Brief:
Return nothing but the lines from the one containing "狗狗吃什么奶粉比較好(狗狗吃什么牌子的狗糧好)" through the end of the records below, exactly as they stand and without pictures.

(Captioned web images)
━━━

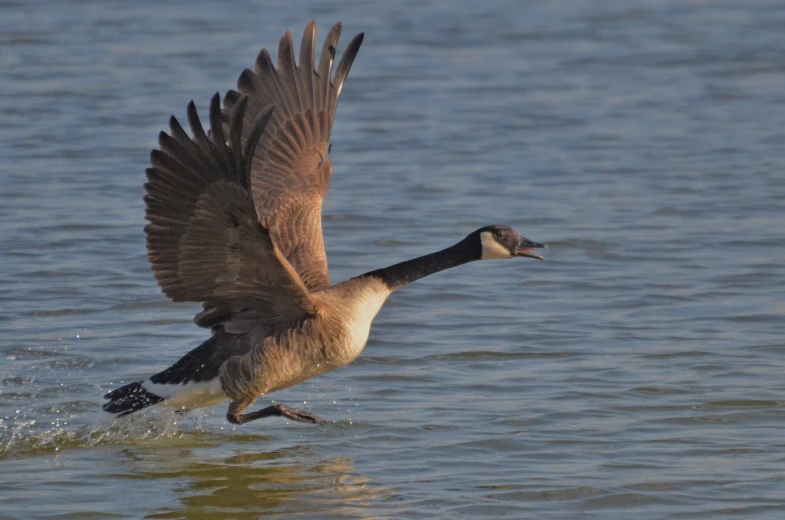 a bird flying low over the water with its wings open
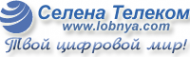 Логотип компании Селена Телеком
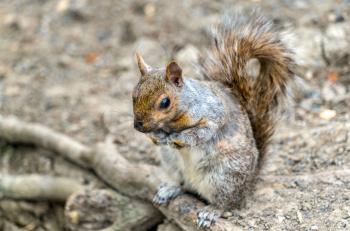 Eastern Gray Squirrel, Sciurus carolinensis in Montreal - Quebec, Canada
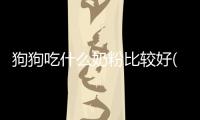 狗狗吃什么奶粉比較好(狗狗吃什么牌子的狗糧好)
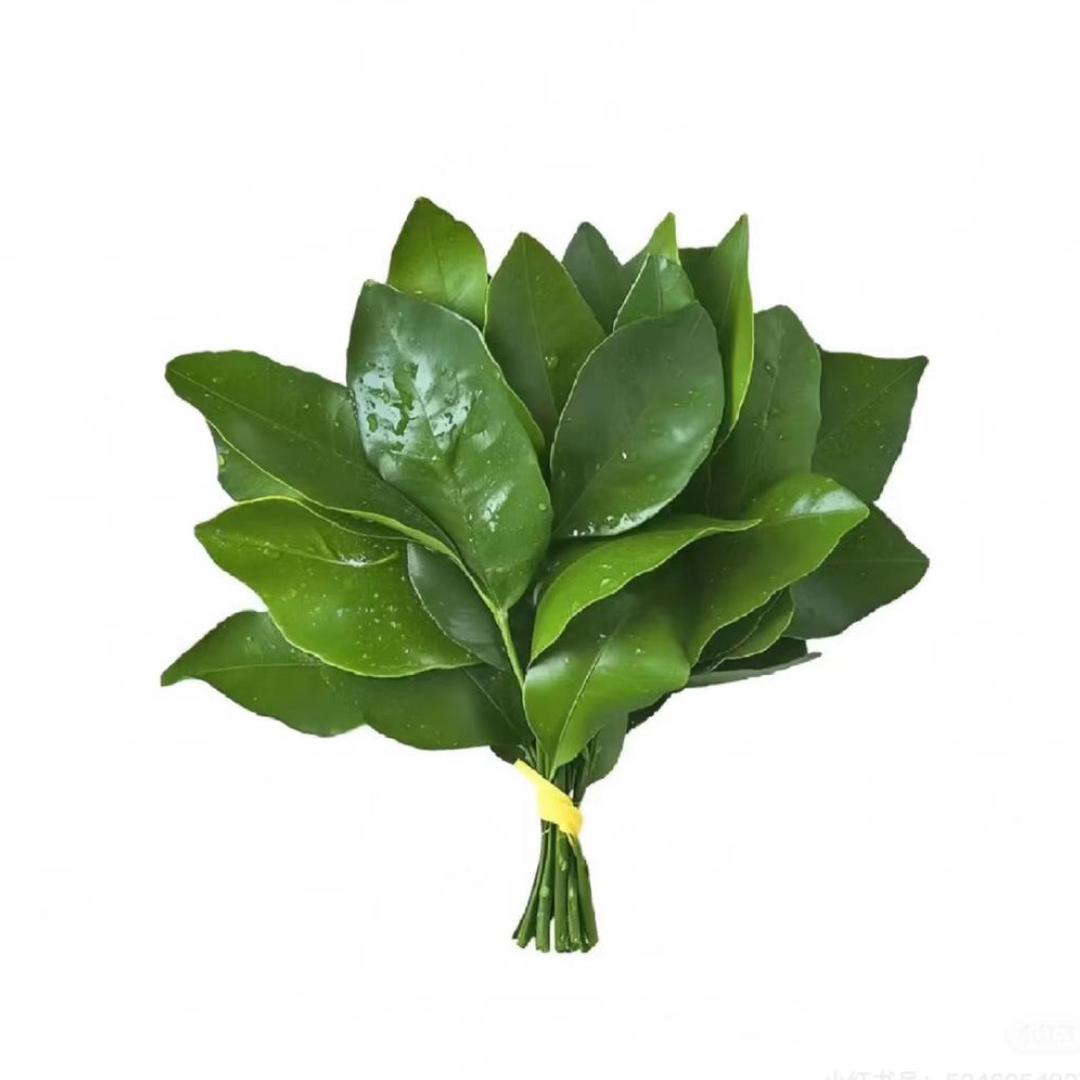 _忧郁螺蛳粉.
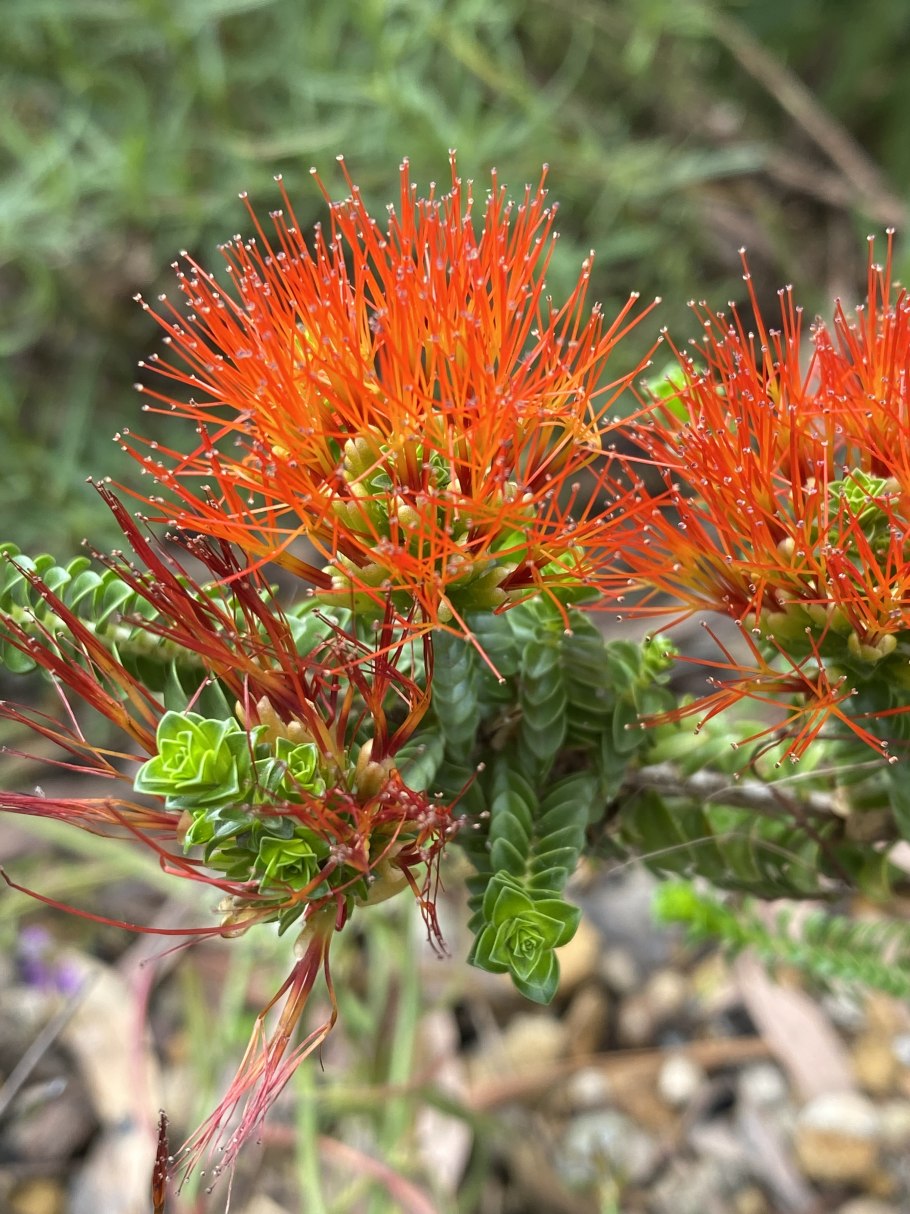 Бьюфортия растение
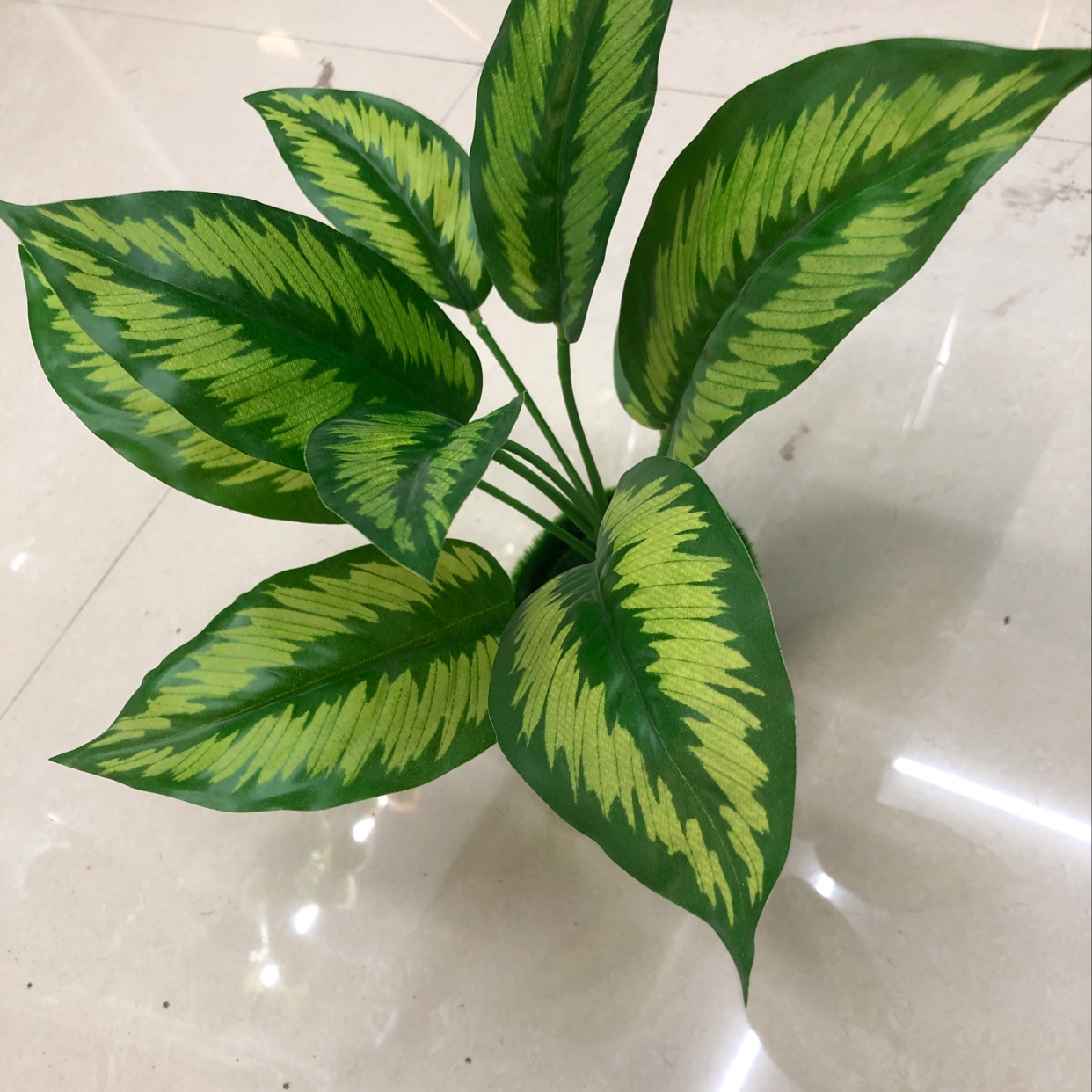 Nine watermelon leaves Specification image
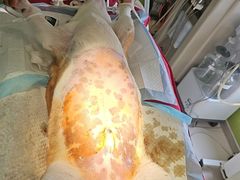 -康成宠物医院24H·CT·核磁共振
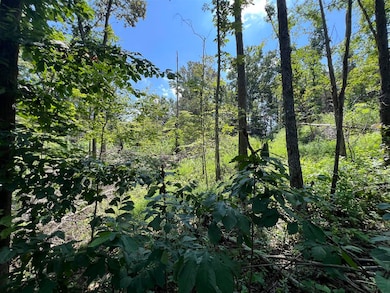 3688 E New Roe Rd, Adolphus, KY 42120 - photo 7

━━━

Task result:
 狗狗吃什么奶粉比較好(狗狗吃什么牌子的狗糧好)
 _忧郁螺蛳粉.
 Бьюфортия растение
 Nine watermelon leaves Specification image
 -康成宠物医院24H·CT·核磁共振
 3688 E New Roe Rd, Adolphus, KY 42120 - photo 7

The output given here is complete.